--- LISTED RECORDS ---

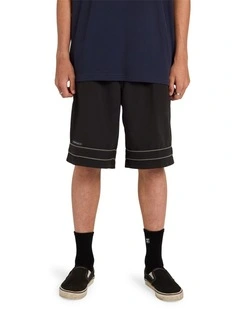 Throw On 2.0 22 Boardshorts In Black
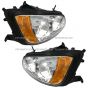 Headlight with LED Bulbs - Driver And Passenger Side (Fit: Kenworth T660 T600 T370 T270 T170 T470 T440 T700 Trucks)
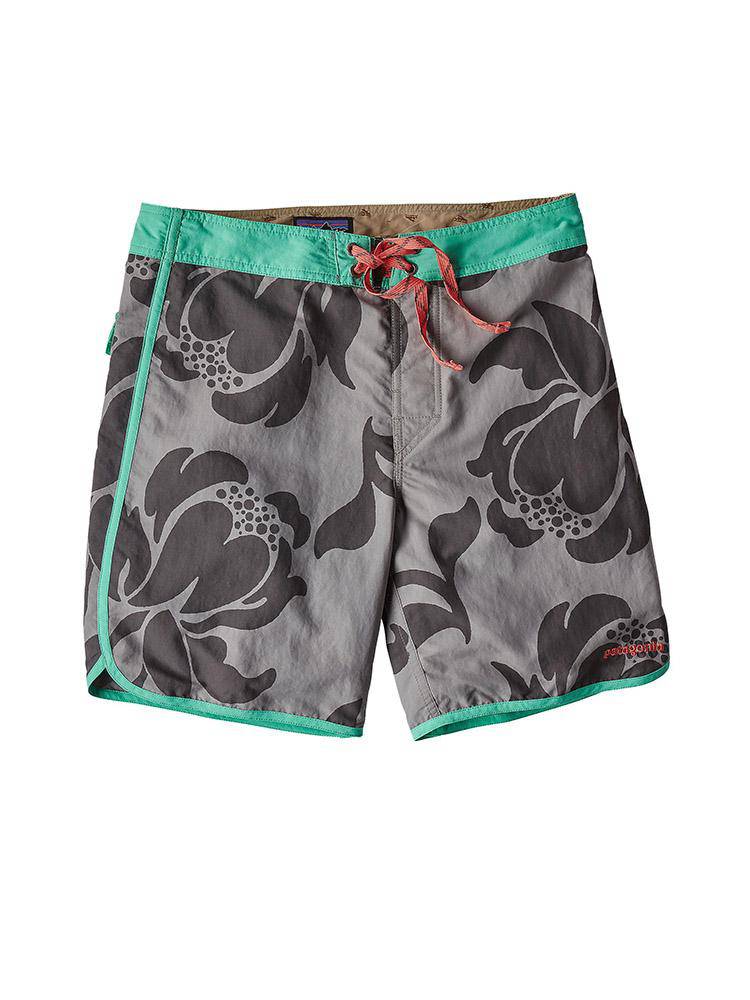 Patagonia Men's Scallop Hem Wavefarer Board Short 18 Inch - Saint Bernard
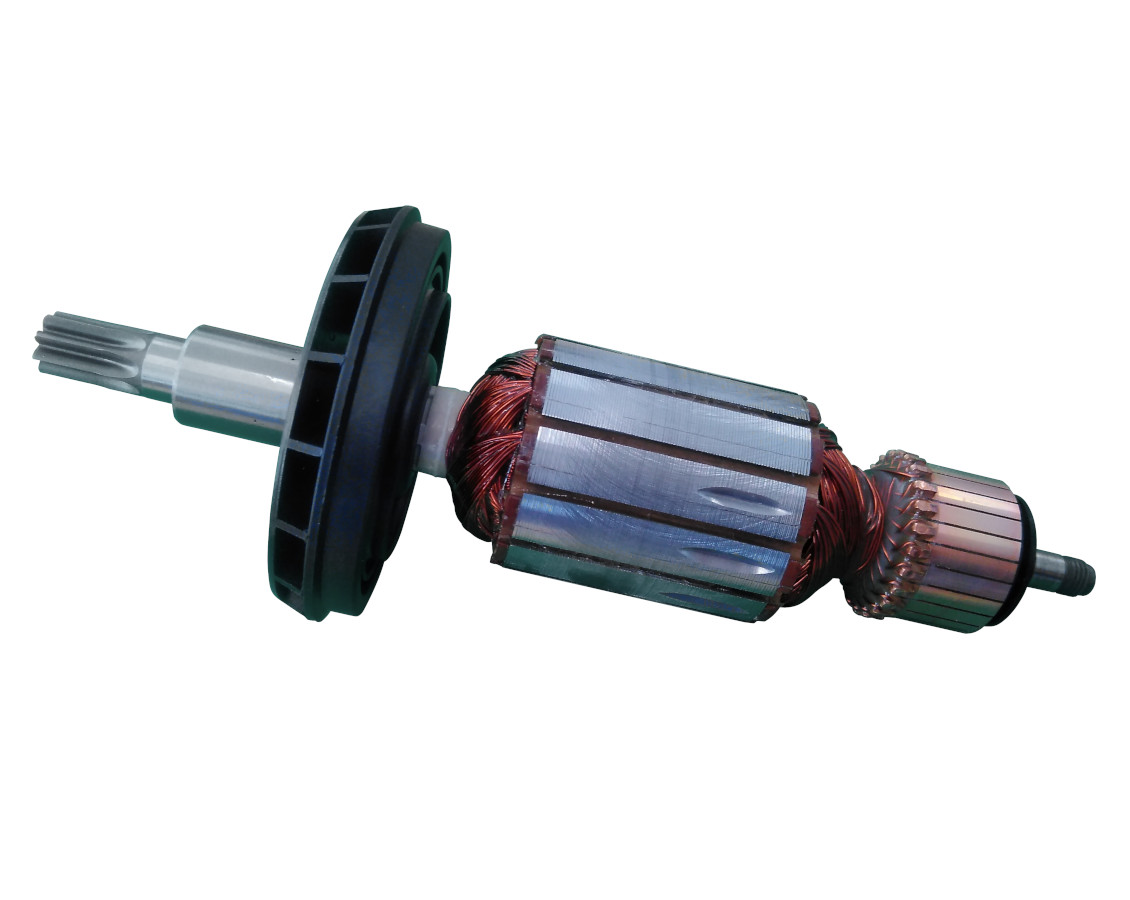 Induit rotor GBH845D GBH845DV GSH7VC Bosch pièce 1614010267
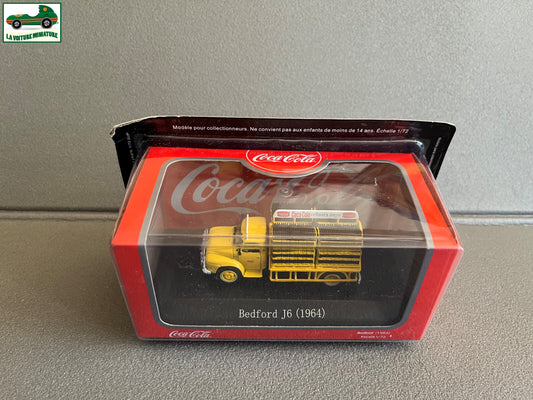 Voiture miniature Camion Livraison Coca Cola Bedford J6 1964 au 1/72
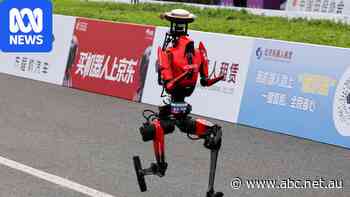 Chinese robot beats Usain Bolt's 100m world record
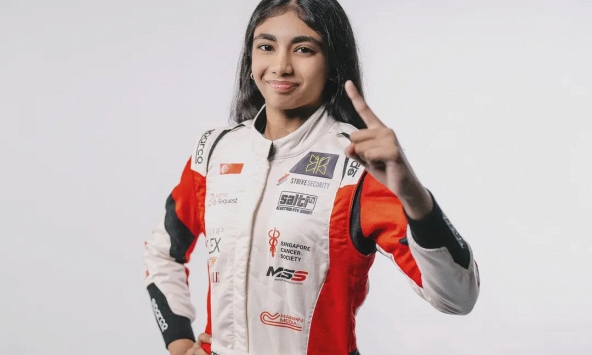 Kareen Kaur, nữ tay đua tuổi teen với khát vọng chinh phục đường đua F1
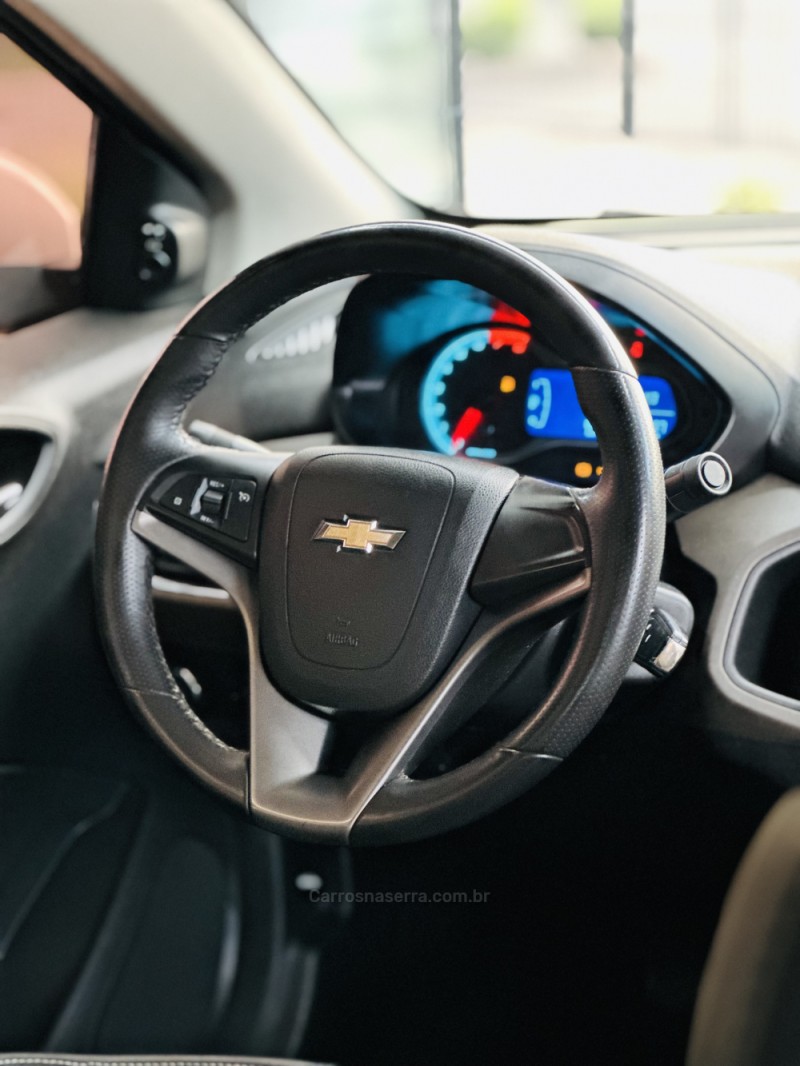 PRISMA 1.4 MPFI LTZ 8V FLEX 4P AUTOMÁTICO - 2014 - CANELA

---

Starting at the first line of the data, set down each line exactly until you have copied the line with "Chinese robot beats", but leave the pictures out.

 Throw On 2.0 22 Boardshorts In Black
 Headlight with LED Bulbs - Driver And Passenger Side (Fit: Kenworth T660 T600 T370 T270 T170 T470 T440 T700 Trucks)
 Patagonia Men's Scallop Hem Wavefarer Board Short 18 Inch - Saint Bernard
 Induit rotor GBH845D GBH845DV GSH7VC Bosch pièce 1614010267
 Voiture miniature Camion Livraison Coca Cola Bedford J6 1964 au 1/72
 Chinese robot beats Usain Bolt's 100m world record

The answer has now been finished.